The leak wasn’t small. Documents revealed that a storage tank at the Darwin LNG plant had been seeping methane since 2006, at rates up to 184 kilograms an hour. For nearly two decades, it remained largely hidden, with regulators aware but the public and Northern Territory cabinet kept in the dark.
Santos inherited the problem when it bought the plant in 2020, but instead of fixing it, the company secured approvals to extend the facility’s life to 2050. When ABC News exposed the leak, the fallout spooked ADNOC, raising questions about transparency, governance, and environmental risk.

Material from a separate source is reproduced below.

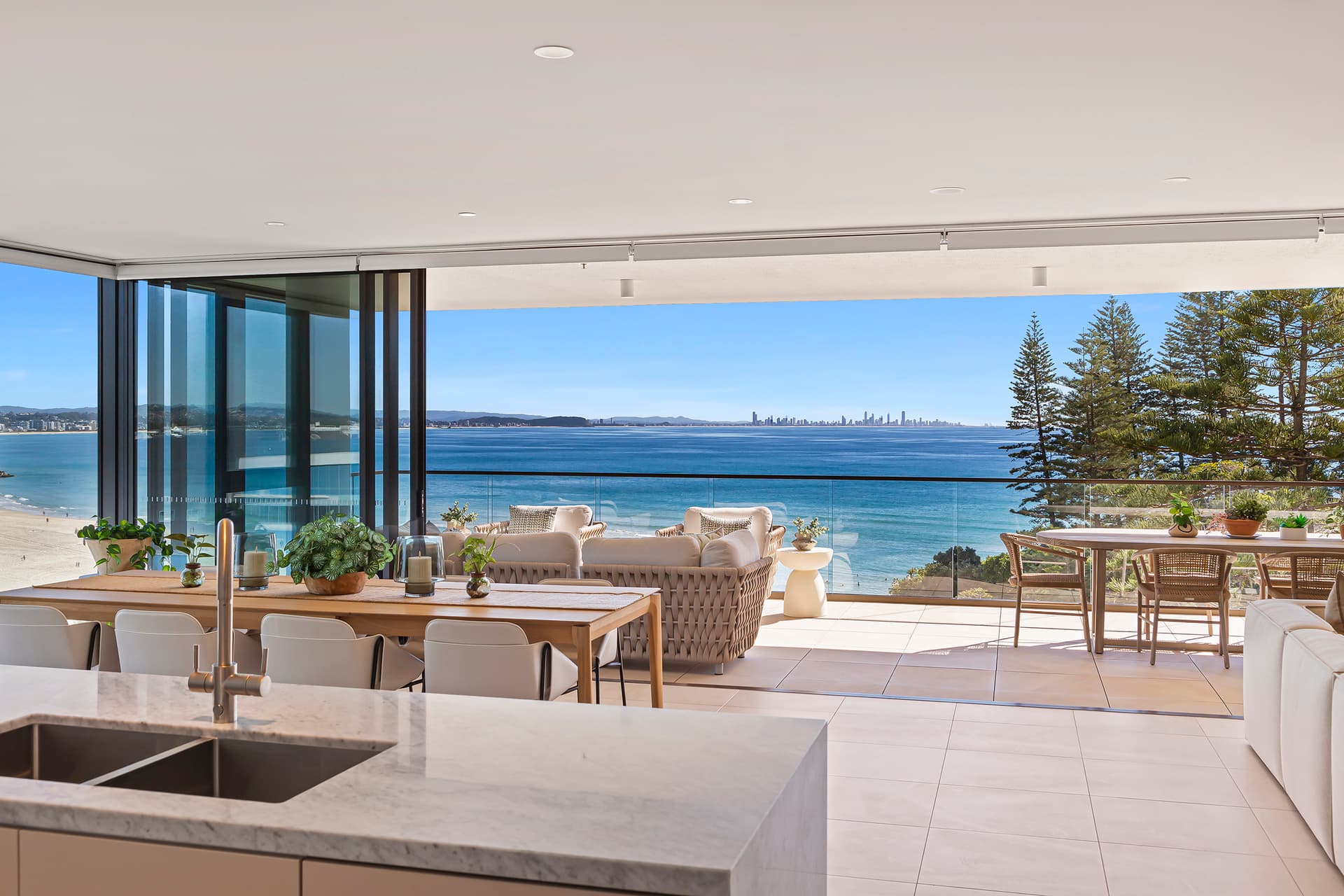 901/144 Marine Parade, Coolangatta, QLD, 4225, Coolangatta - Thumbnail 2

Interestingly, it is not the first time that a Santos deal collapsed. Merger talks between Woodside Energy (NYSE: WDS) and Santos collapsed in 2023 due to valuation gaps.

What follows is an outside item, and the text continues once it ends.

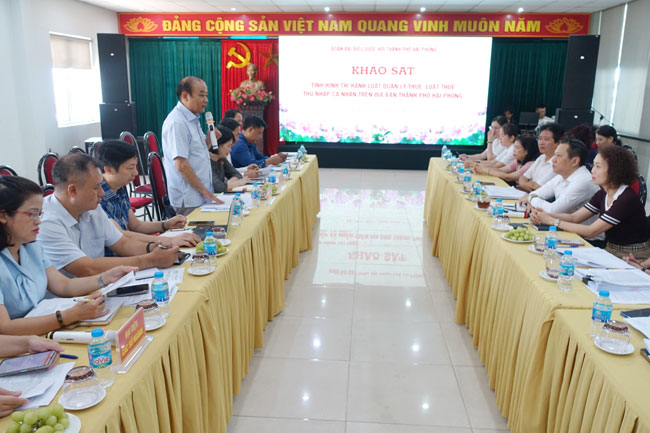 Đoàn đại biểu Quốc hội thành phố khảo sát về 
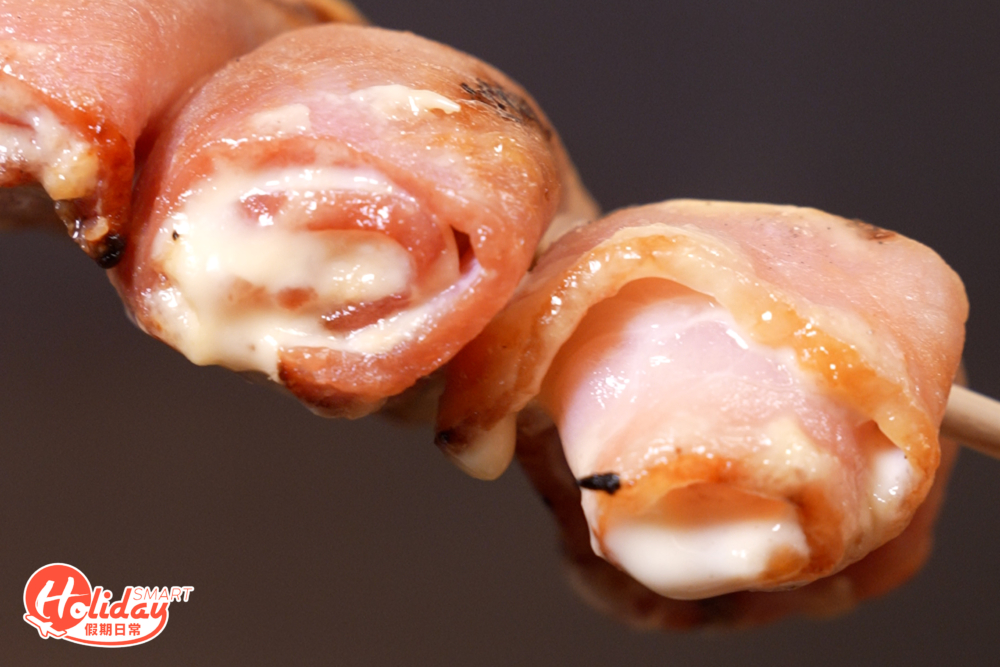 煙肉芝士卷夠邪惡，煙肉鹹香配上濃郁芝士，兩者十分搭配。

The common threads? Misaligned valuations, regulatory bottlenecks, shareholder resistance, and the weight of disclosure risks. In Australia, time is stretched by a web of reviews from the Foreign Investment Review Board, the Australian Competition and Consumer Commission (ACCC), and multiple tax authorities.

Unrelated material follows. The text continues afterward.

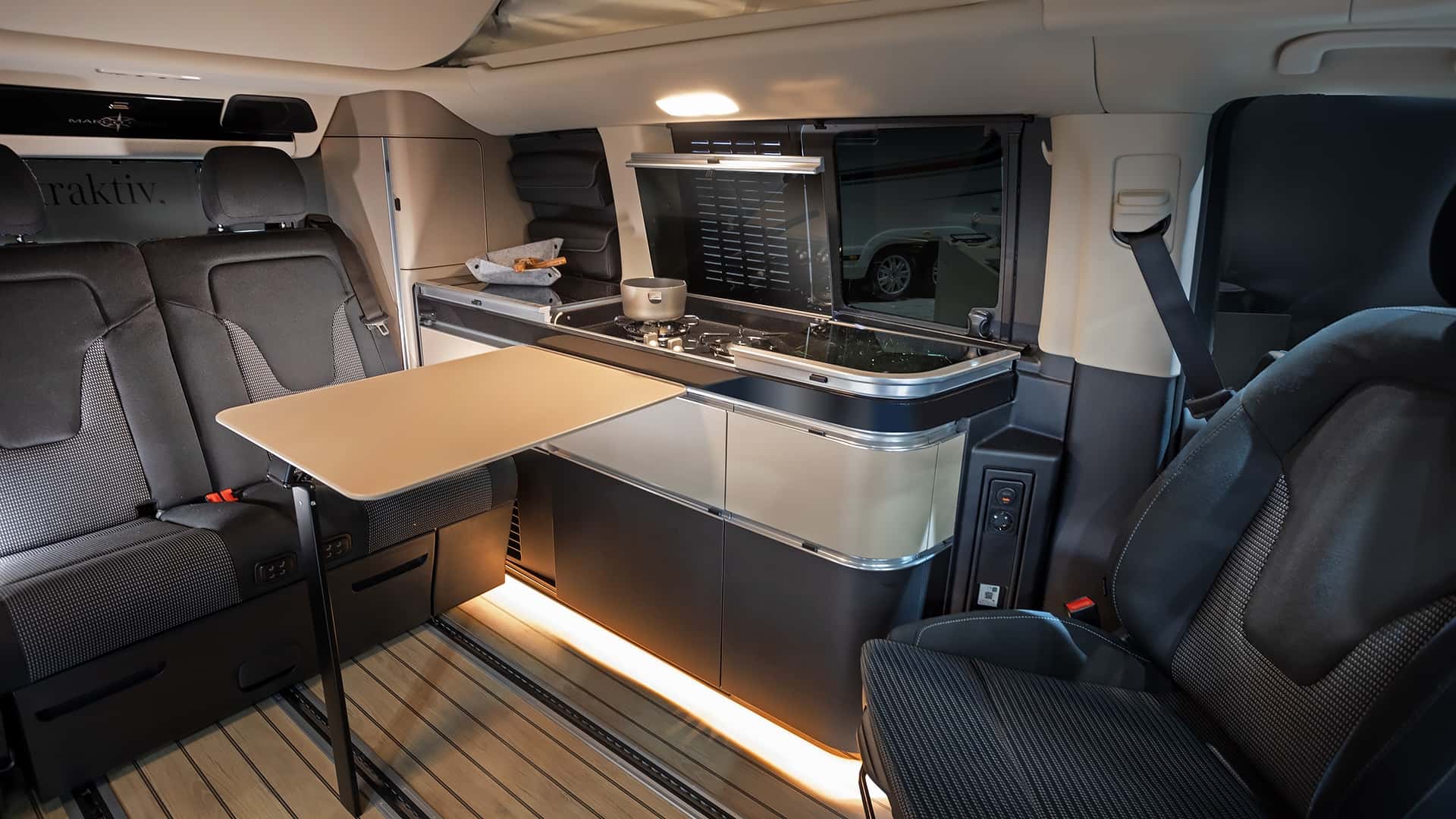 داخلية-مرسيدس-V-Class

“Time kills deals, whether it’s a private M&A or public M&A, losing momentum is definitely a trend of the current M&A environment,” Lance Sacks, a corporate partner at Baker McKenzie, said for Reuters.
While ACCC pursues what the market considers an overreach, corporate regulator ASIC acknowledges the friction and is pushing reforms to make public and private markets more appealing.
Without a more straightforward path through regulation, Australia risks deterring global capital, which may be necessary to capitalize on the ongoing commodity cycle fully.